▶ _Data to process_:
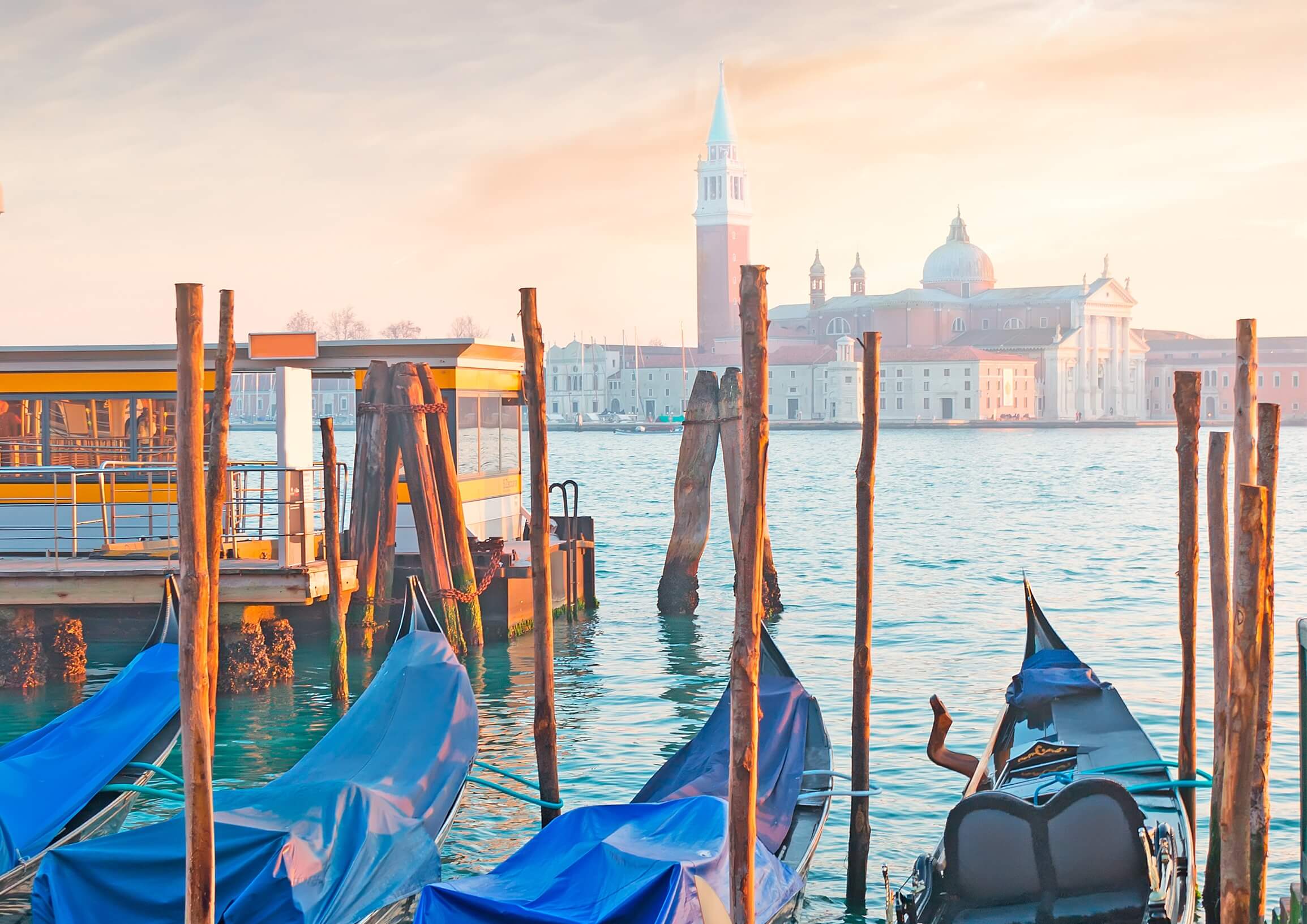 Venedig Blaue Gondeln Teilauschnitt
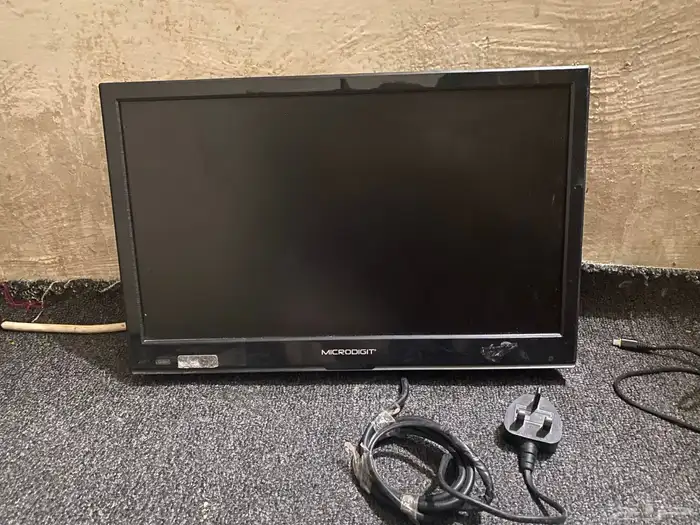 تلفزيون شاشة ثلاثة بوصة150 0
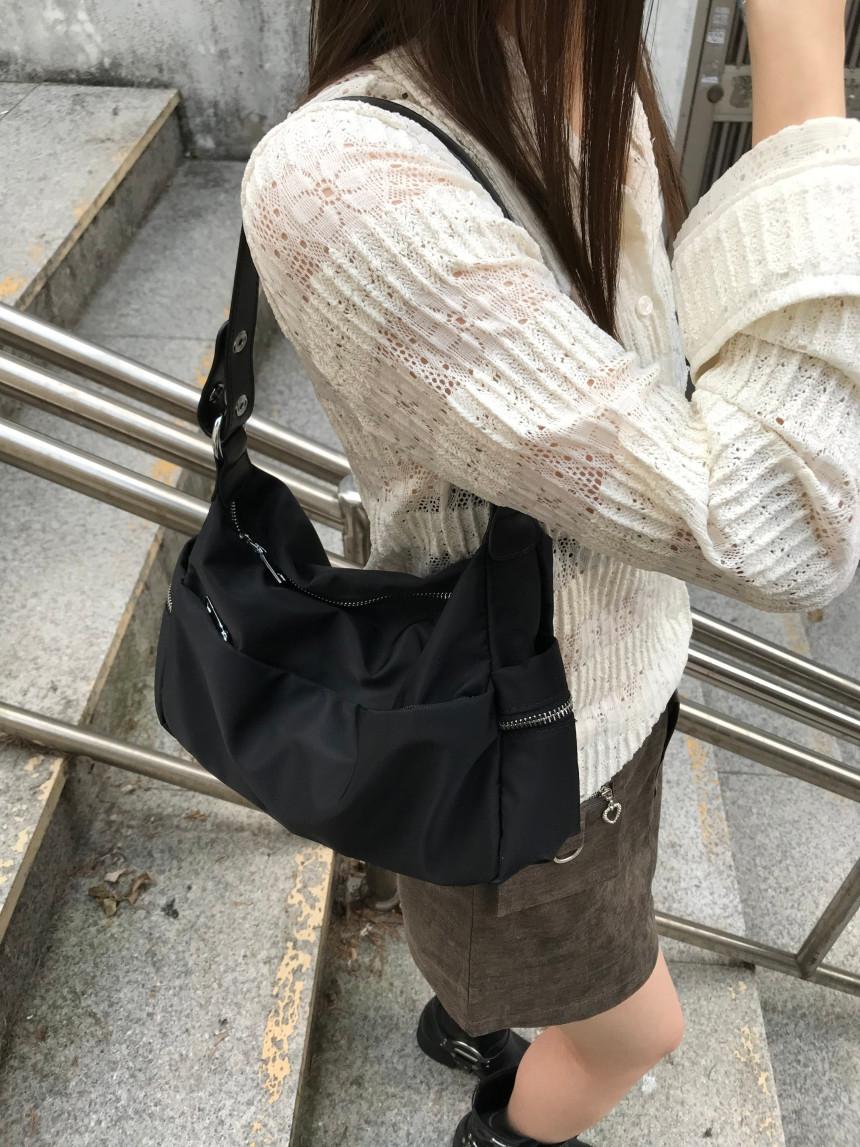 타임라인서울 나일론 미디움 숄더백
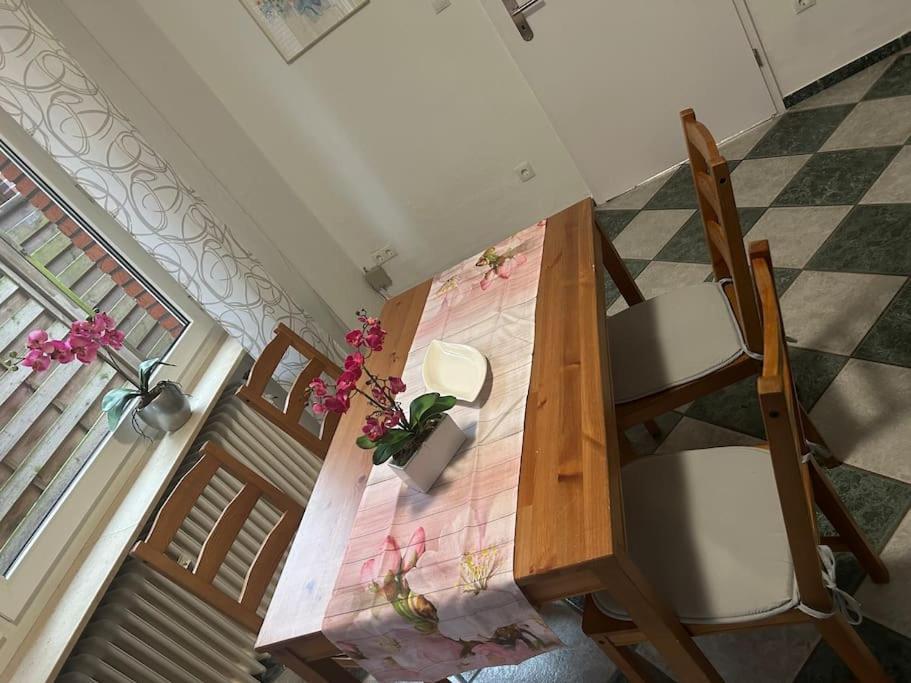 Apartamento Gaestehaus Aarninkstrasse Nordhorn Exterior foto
==
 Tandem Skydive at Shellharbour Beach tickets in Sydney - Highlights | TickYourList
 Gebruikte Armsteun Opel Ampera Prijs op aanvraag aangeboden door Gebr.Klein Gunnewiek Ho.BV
---
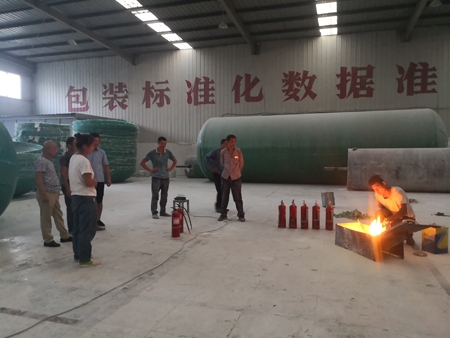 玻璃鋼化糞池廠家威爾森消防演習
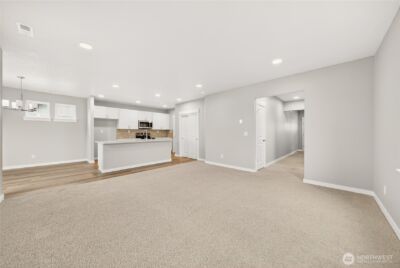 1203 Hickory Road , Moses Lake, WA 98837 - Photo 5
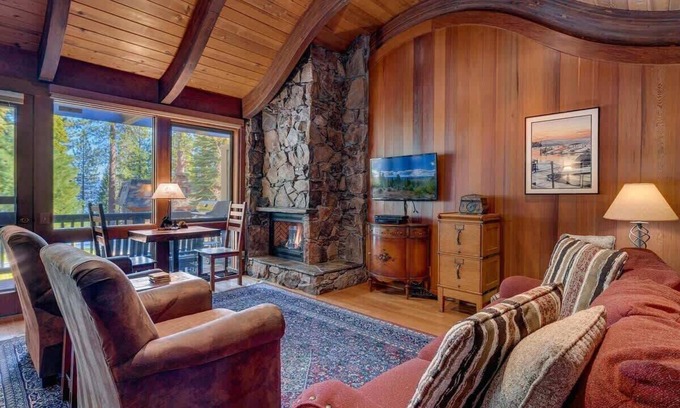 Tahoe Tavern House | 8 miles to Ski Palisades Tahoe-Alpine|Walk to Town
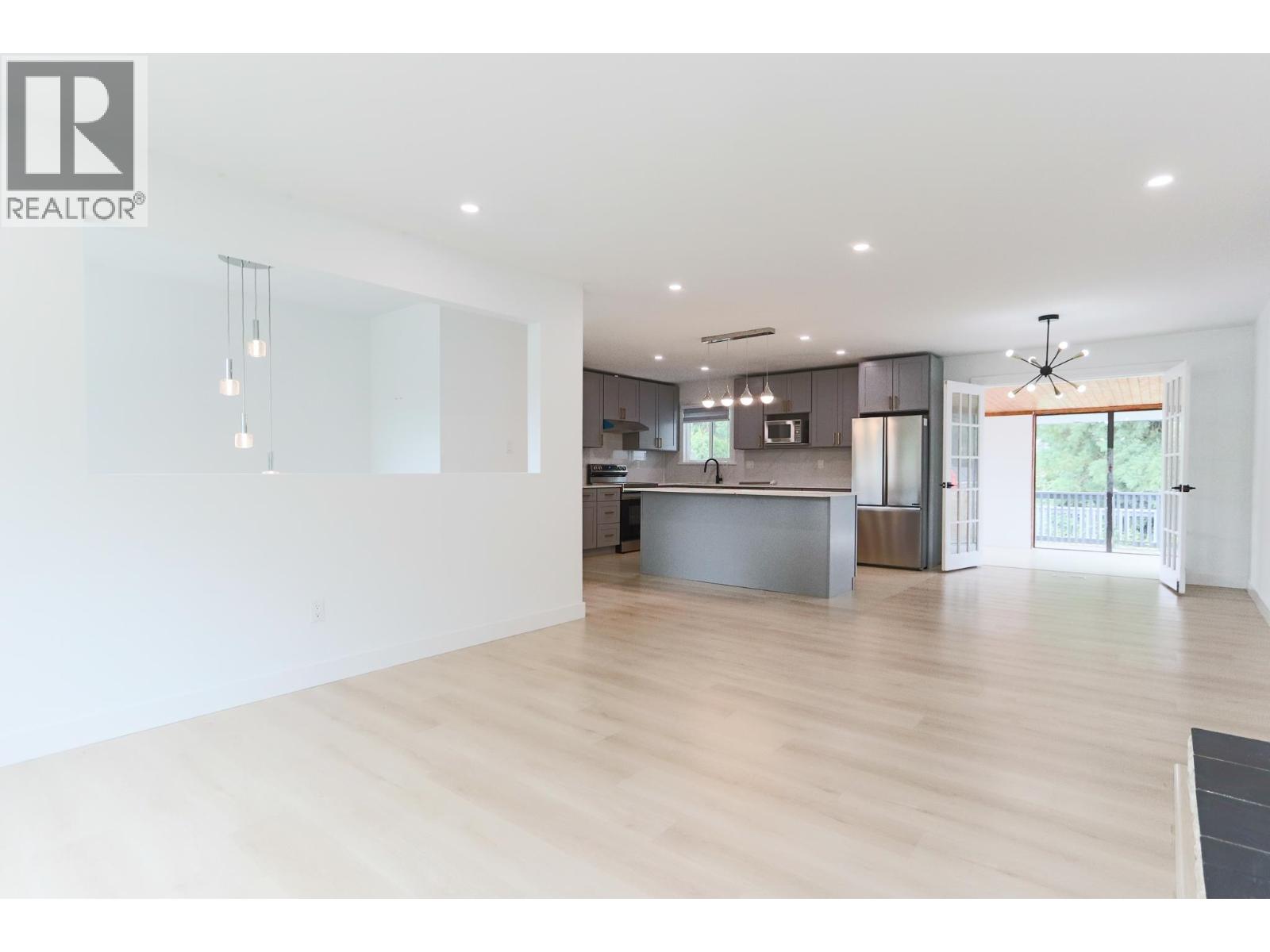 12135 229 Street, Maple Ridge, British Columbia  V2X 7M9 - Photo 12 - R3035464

▶ _Exercise details_:
Take exactly the lines from the one containing "Tandem Skydive at" through the one containing "Gebruikte Armsteun Opel" in the data above, and output them with nothing added.

▶ _Problem solution_:
 Tandem Skydive at Shellharbour Beach tickets in Sydney - Highlights | TickYourList
 Gebruikte Armsteun Opel Ampera Prijs op aanvraag aangeboden door Gebr.Klein Gunnewiek Ho.BV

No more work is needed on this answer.